# Stored data

[Start of section]

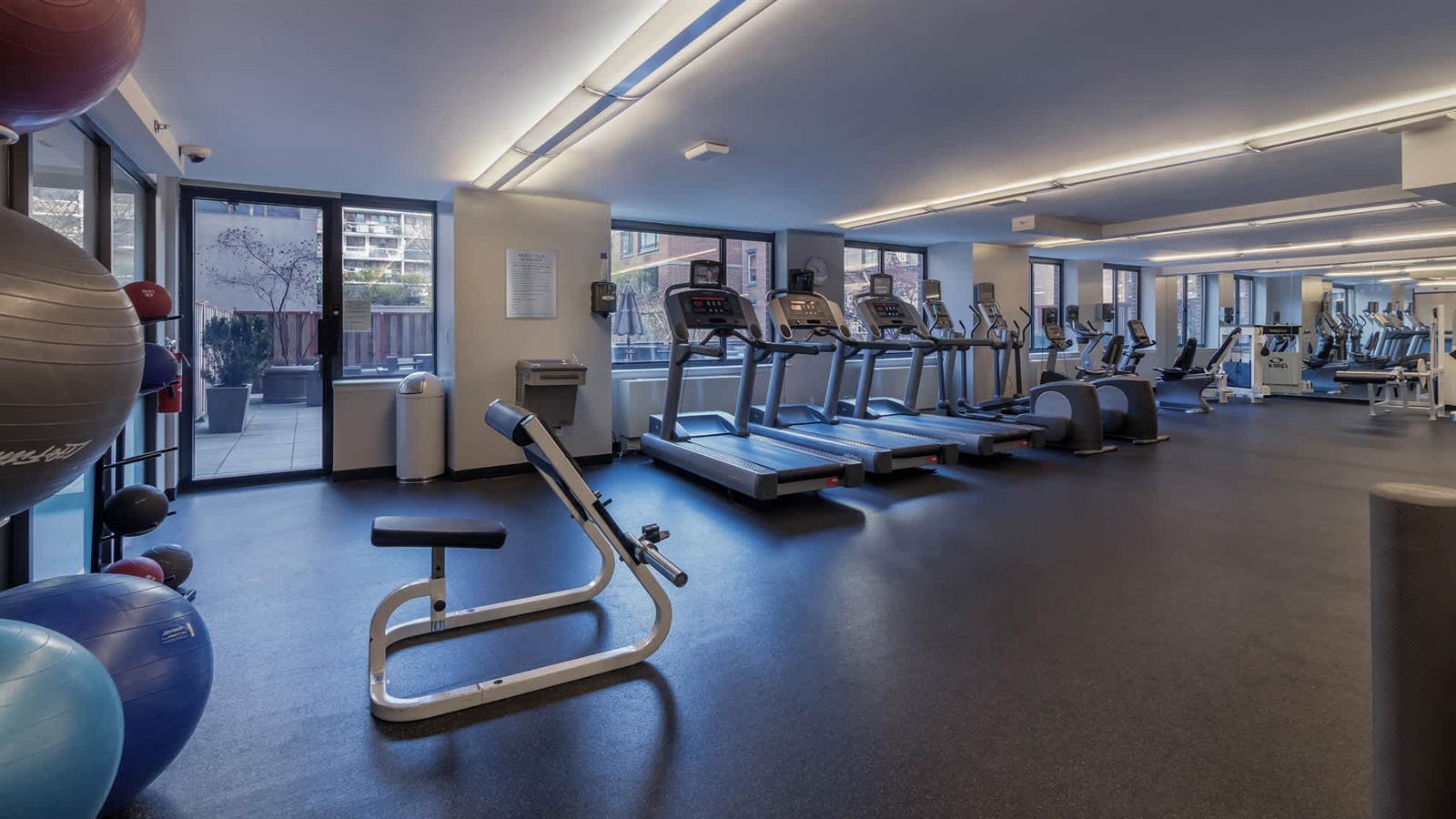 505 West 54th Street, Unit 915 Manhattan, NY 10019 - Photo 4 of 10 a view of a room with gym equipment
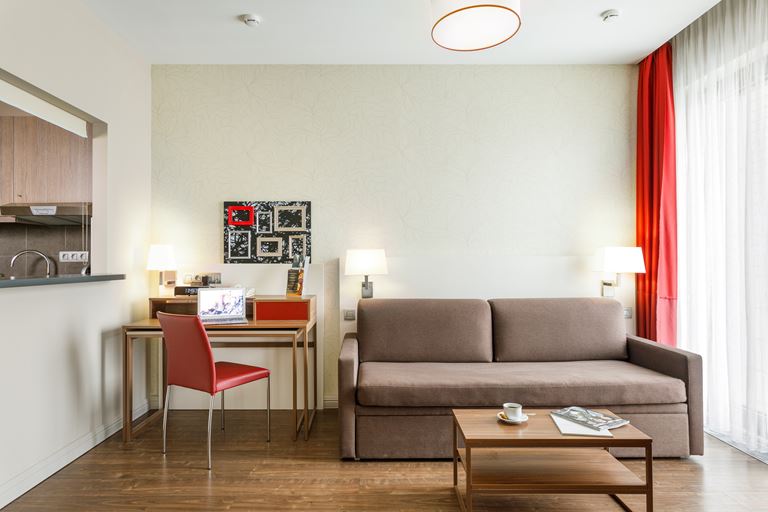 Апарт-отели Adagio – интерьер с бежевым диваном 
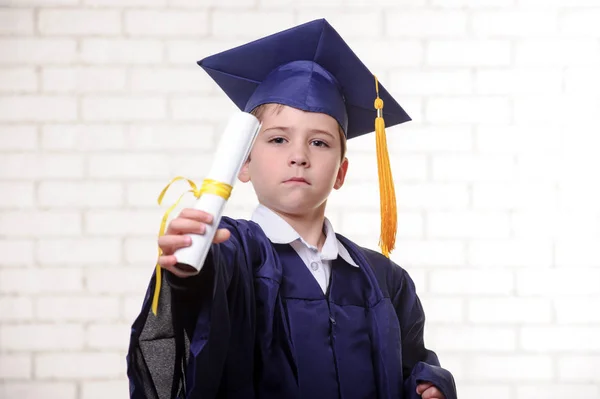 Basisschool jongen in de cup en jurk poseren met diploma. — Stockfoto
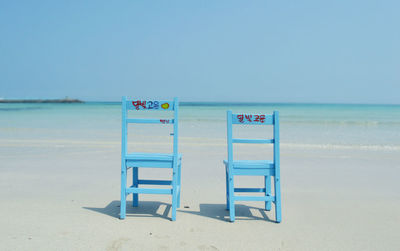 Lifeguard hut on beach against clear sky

[End of section]

# What you should do
Each line of the data is to be duplicated exactly; pictures stay out of the copy.

# Your solution
 505 West 54th Street, Unit 915 Manhattan, NY 10019 - Photo 4 of 10 a view of a room with gym equipment
 Апарт-отели Adagio – интерьер с бежевым диваном 
 Basisschool jongen in de cup en jurk poseren met diploma. — Stockfoto
 Lifeguard hut on beach against clear sky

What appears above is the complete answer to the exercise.